After college, Kevin was drafted by the Chicago Cubs. A first-season injury forced him to retire. Brother Keith was drafted by the Baltimore Orioles and later played 11 games at shortstop for the Cincinnati Reds.


These days, the Kessinger sons both live in Oxford near their parents. Kevin, 53, is vice president of BNA Bank’s Oxford branch; Keith, 56, is principal broker at Kessinger Real Estate.


Don Kessinger’s jersey No. 11 was retired by Ole Miss in 2021. The baseball legacy he began continues through the next Kessinger generation.


First cousins Chase Kessinger, son of Keith and Laura Kessinger, and Grae Kessinger, son of Kevin and Kelly Kessinger, are carrying on the baseball tradition these days.


Grae, 25, played shortstop for Ole Miss, and in 2019, was signed in the second round by the Houston Astros. Chase, 24, chose to pursue a different position on the baseball field and is a pitcher for the University of Memphis.


“Chase always had a good arm,” said his proud grandfather. “He just gravitated toward pitching.”

A senior at University of Memphis, Chase, like most young men who grew up throwing a baseball, would love to play pro ball, said his dad.


“Whether he does or not, I am 100% sure he will stay in coaching,” Keith Kessinger said. “He will make a wonderful coach.”


When the Kessinger family — including Chase’s sister Anna, 26, and Grae’s brother Josh, 27 — gets together for special occasions, baseball is not always the primary topic of conversation, but you can bet talk will at some point turn to sports.


“We love sports,” Don Kessinger said. “All sports.
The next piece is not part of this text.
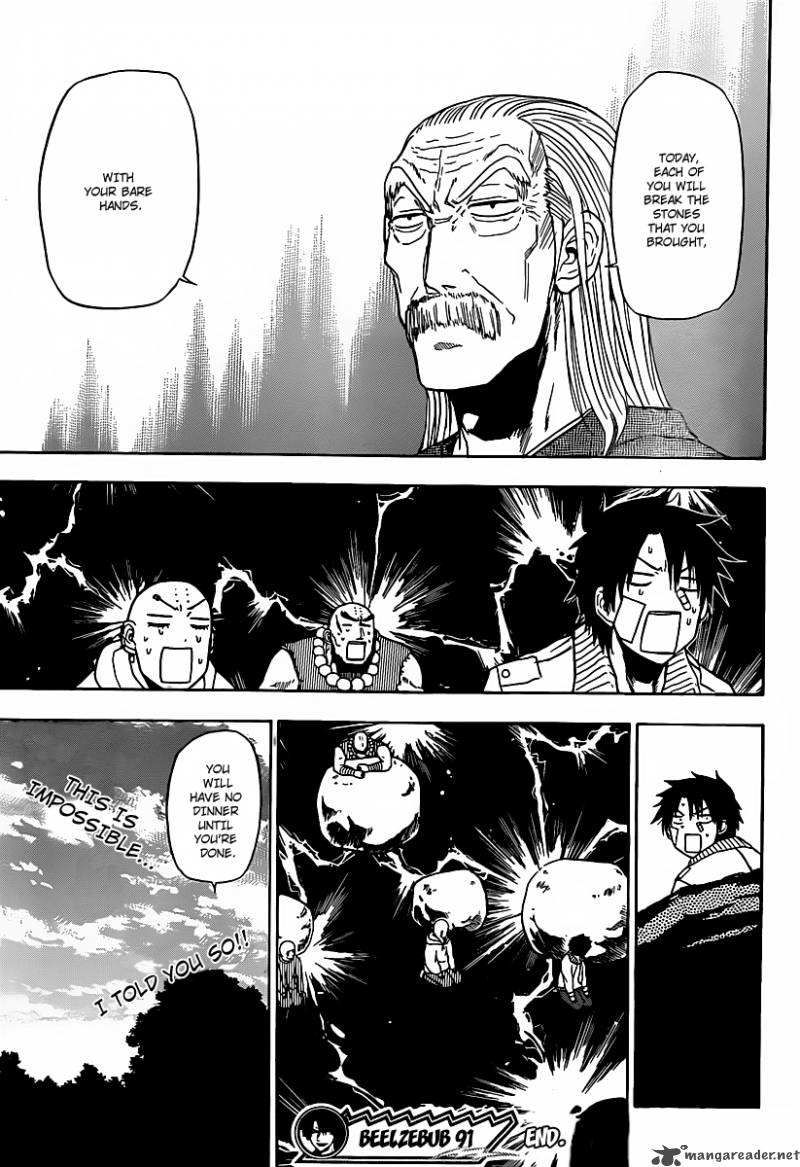 Beelzebub 91 21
My parents loved sports and Carolyn’s parents did too.”


There were times through the years when Carolyn Kessinger believed her journey in baseball was finished, but now she sees no ending in sight.


“Every time I thought we were done with baseball, we weren’t,” she said. “First Donny, then Kevin and Keith, now Grae and Chase. I will always be found during baseball season in a ballpark in the dust and heat. It’s been my life, and I’ve loved it. If there are any great-grandchildren who come along to play, I may not be around to go to their games, but if I am, I will be there.”


Her husband quietly nodded his head in the affirmative.


“You will be around,” he said, smiling. “We have had a good life. While we were in the midst of it all, I didn’t realize what a really storied life we have lived.”